Your copy should match the listing below exactly, except that it holds no images.

• _RAW DATA_

--- --- ---

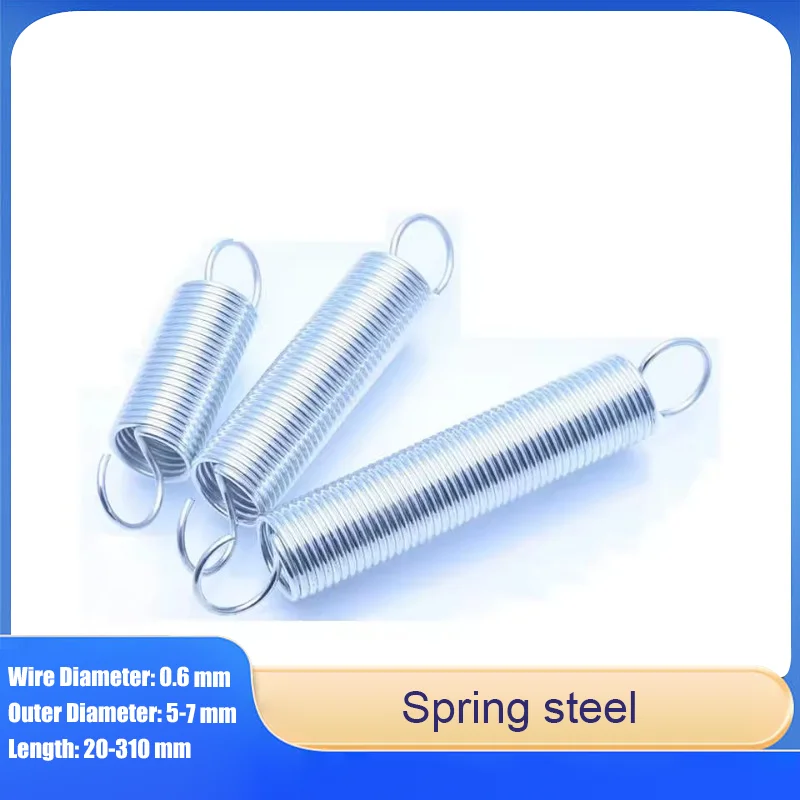 Galvanized Spring Steel Open S-Hook Tension Extension Spring Wire Diameter: 0.6 mm Outer Diameter: 5-7 mm Length: 20-310 mm
Galvanized Spring Steel Open S-Hook Tension Extension Spring Wire Diameter: 0.6 mm Outer Diameter: 5-7 mm Length: 20-310 mm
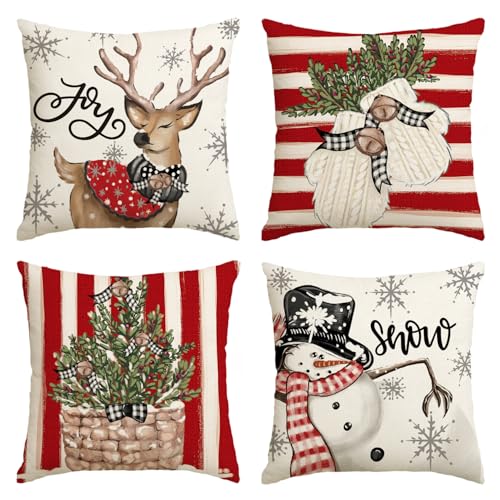 Juego de fundas de almohada de 4 piezas 45 x 45 cm Navidad Decorativa Almohada Dekoracyjna Poduszka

--- --- ---

• _RESULT FOR THIS TASK_
 Galvanized Spring Steel Open S-Hook Tension Extension Spring Wire Diameter: 0.6 mm Outer Diameter: 5-7 mm Length: 20-310 mm
Galvanized Spring Steel Open S-Hook Tension Extension Spring Wire Diameter: 0.6 mm Outer Diameter: 5-7 mm Length: 20-310 mm
 Juego de fundas de almohada de 4 piezas 45 x 45 cm Navidad Decorativa Almohada Dekoracyjna Poduszka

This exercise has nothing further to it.